In the late 1950s, Riley began to produce works in a style recognisably her own, a style inspired by a number of sources. A study of the pointillism of Georges Seurat, and subsequent landscapes produced in that style, led to her interest in optical effects. The paintings of Victor Vasarely, who had used designs of black and white lines since the 1930s also had a strong influence on Riley’s early works. In her later works, the influence of the futurists, especially Giacomo Balla, can also be observed.
It was during this time that Riley began to paint the black and white works for which she is best known today. They present a great variety of geometric forms that produce sensations of movement or colour. In the early 1960s, her works were said to induce sensations in viewers as varied as seasickness and sky diving. Works in this style comprised her first solo show in London in 1962 at Gallery One run by Victor Musgrave, as well as numerous subsequent shows. Visually, these works relate to many concerns of the period: a perceived need for audience participation (this relates them to the Happenings, for which the period is famous), challenges to the notion of the mind-body duality which led some people to experiment with hallucinogenic drugs (see Aldous Huxley’s writings); concerns with a tension between a scientific future which might be very beneficial or might lead to a nuclear war; and fears about the loss of genuine individual experience in a Brave New World.
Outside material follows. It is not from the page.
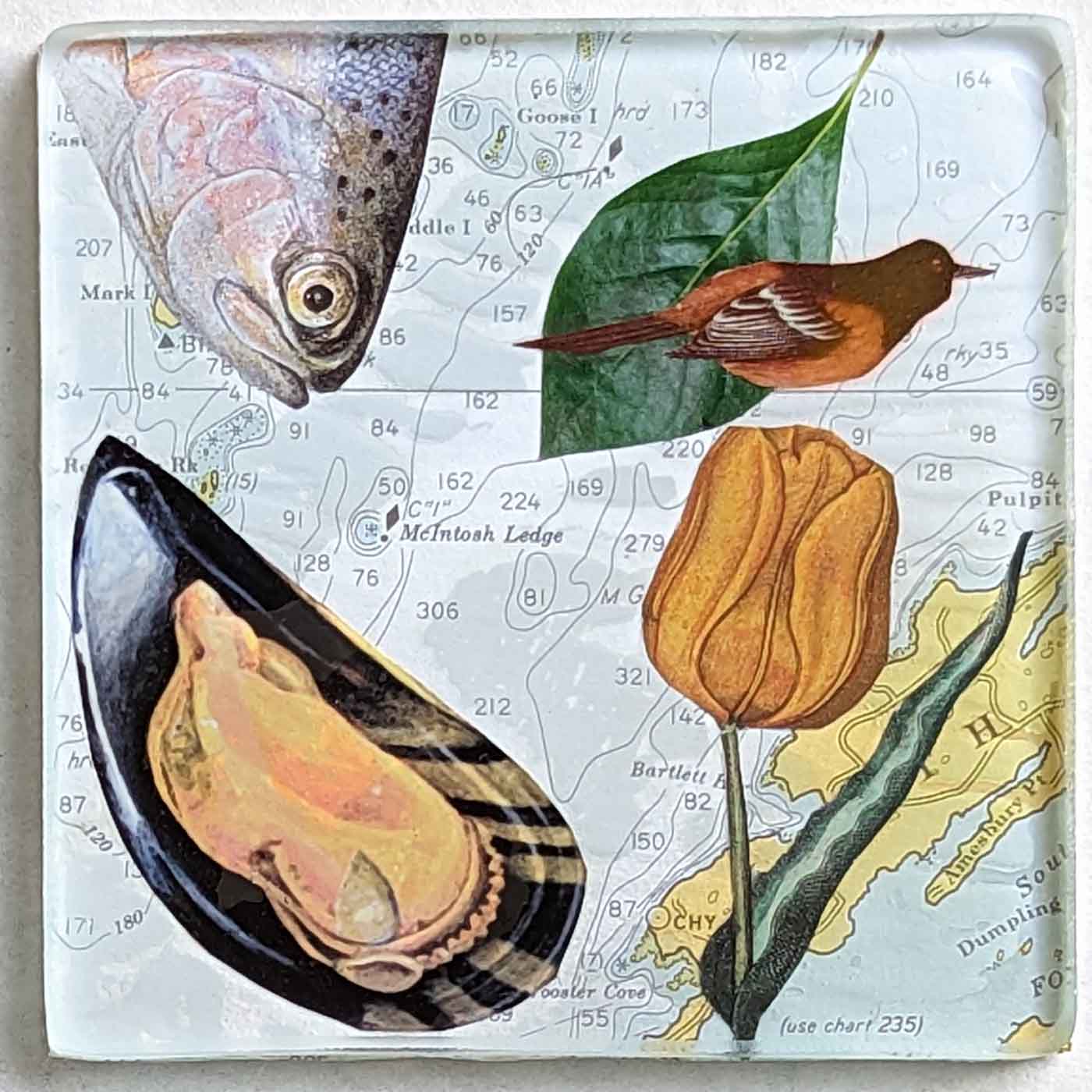 Maine Shoreline Coasters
Although remembered today mainly for the impressions of movement and colour they give through the exploitation of optical illusions, it is speculated that the impetus for Riley making these seemingly cold and calculated works was a failed love affair. One of the more famous works in this style is Fall (1963).
In 1965, Riley exhibited in the New York City show, The Responsive Eye, the exhibition which first drew attention to so-called Op art. One of her paintings was reproduced on the cover of the show’s catalogue, though Riley later became disillusioned with the movement, and expressed regret that her work was exploited for commercial purposes.
Following a major retrospective in the early 1970s, Riley began traveling extensively. After a trip to Egypt in the early 1980s, where she was inspired by colourful hieroglyphic decoration, Riley began to explore colour and contrast. In some works, lines of colour are used to created a shimmering effect, , while in other works, the canvas is filled with tessellating patterns. In 1986 Riley met the postmodern painters Philip Taaffe and Ross Bleckner, and was inspired to introduce a diagonal element to her work. Typical of these later colourful works is Shadowplay.
In many works since this period, Riley has employed others to paint the pieces, while she concentrates on the actual design of her work.